I will define it. The Yankees have been a bad team since mid-June. Whether you want to go back 34 games or 40 games, they haven’t been good for at least one-fifth of the season.

“We gotta go win, right?”

That is the objective of the sport.

“And we’re right there. We’re watching other teams struggle around us.”

And there it is! The excuse! The Yankees think because the Orioles haven’t been playing well and because they are only three games behind them in the loss column that it excuses their own play since mid-June.

“We know we’ve got to be better. OK?”

Please stop saying this.

“We’re pissed off in there.”

Yes, I’m sure you’re really pissed. You told us the 2022 and 2023 teams were pissed too. Where did that lead to? In the first instance it led to you using “highlights” from the 2024 ALCS as motivation for your team in its own ALCS, and in the second instance, it led to you managing a team to a playoff-less season, despite 40 percent of the league making the playoffs.
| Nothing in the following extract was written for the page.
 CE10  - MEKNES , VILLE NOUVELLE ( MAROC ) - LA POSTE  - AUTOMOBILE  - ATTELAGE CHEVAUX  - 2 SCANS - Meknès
“We got a lot of pride in there.”

That’s nice.

“We have a lot of expectations in there.”

No you don’t. Listen to yourself. Listen to any of your players talk after losses. All you and they talk about is tomorrow and the next game until there aren’t any tomorrows or games left. There’s no urgency and there certainly aren’t any expectations.

“So stretch, slump, recent. I don’t give a shit.”

Clearly, you don’t give a shit, considering you used a guy with a career 48 OPS+ as your designated hitter and leadoff hitter on Tuesday, and used a player released by both the Giants and A’s this season (who is 1-for-16 with eight strikeouts as a Yankee) as your cleanup hitter on Tuesday and then played him again on Wednesday.

“It’s, we’ve got to play better the rest of the way.

For the last six weeks you have been saying you need to play better and you have only played worse.

“And it’s right there. I’ve said it’s right in front of us. It is.”

Yes, a third straight season collapse is right there.

“It’s right in front of us. Right?”

Yes, you just said that.

“For as bad as it’s been, we’re also in a great position.”

A great position? On June 14, you had a 13-game lead in the loss column on a postseason spot. It’s down to three games.

“And we’ve got to go play baseball the way we’re capable of playing.

I think you’re playing baseball the way you’re capable of playing.